- [Description of the task]:
In the data below, which lines contain "with"? List them by copying each one.

- [Records for the task]:

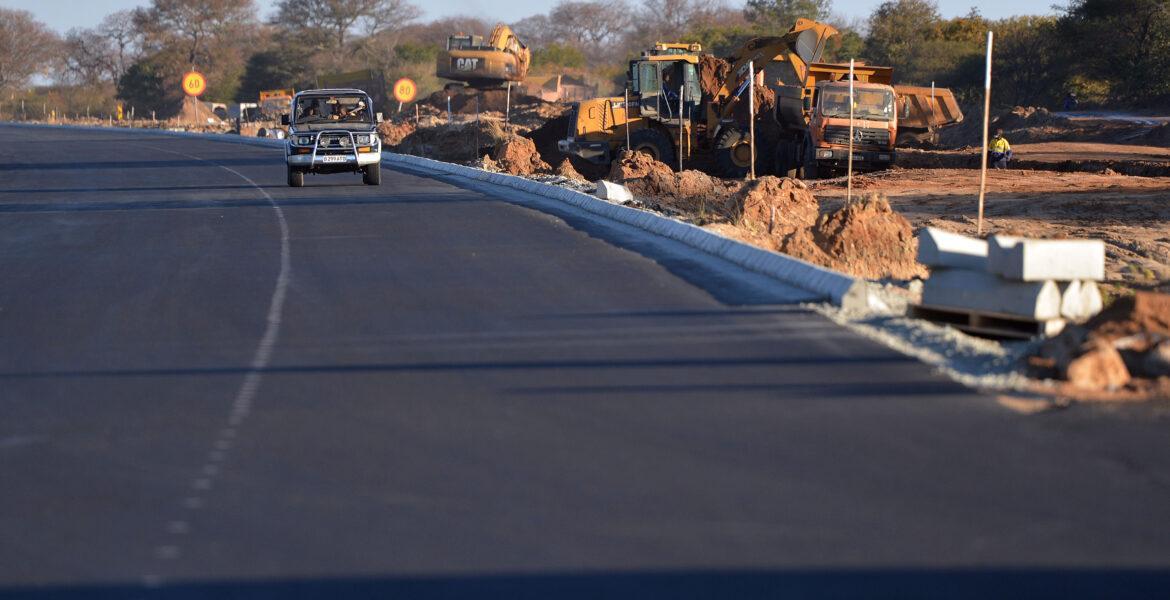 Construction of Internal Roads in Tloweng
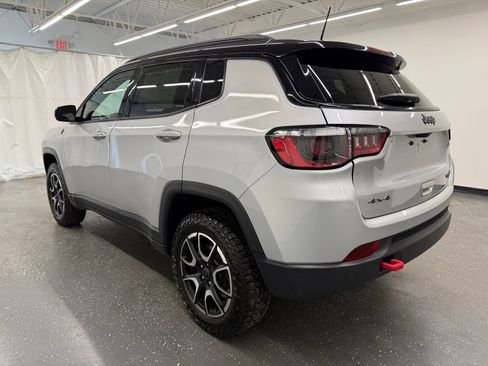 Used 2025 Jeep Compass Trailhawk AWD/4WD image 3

--

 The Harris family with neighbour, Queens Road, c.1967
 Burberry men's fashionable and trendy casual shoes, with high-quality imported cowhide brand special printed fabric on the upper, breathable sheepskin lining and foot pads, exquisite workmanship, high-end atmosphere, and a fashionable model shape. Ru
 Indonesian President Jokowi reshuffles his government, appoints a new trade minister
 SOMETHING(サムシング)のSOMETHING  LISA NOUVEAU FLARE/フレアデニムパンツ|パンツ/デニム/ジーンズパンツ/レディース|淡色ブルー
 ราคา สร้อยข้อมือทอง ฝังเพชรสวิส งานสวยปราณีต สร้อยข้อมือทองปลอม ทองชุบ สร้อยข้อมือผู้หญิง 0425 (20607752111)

- [Answer box]:
 The Harris family with neighbour, Queens Road, c.1967
 Burberry men's fashionable and trendy casual shoes, with high-quality imported cowhide brand special printed fabric on the upper, breathable sheepskin lining and foot pads, exquisite workmanship, high-end atmosphere, and a fashionable model shape. Ru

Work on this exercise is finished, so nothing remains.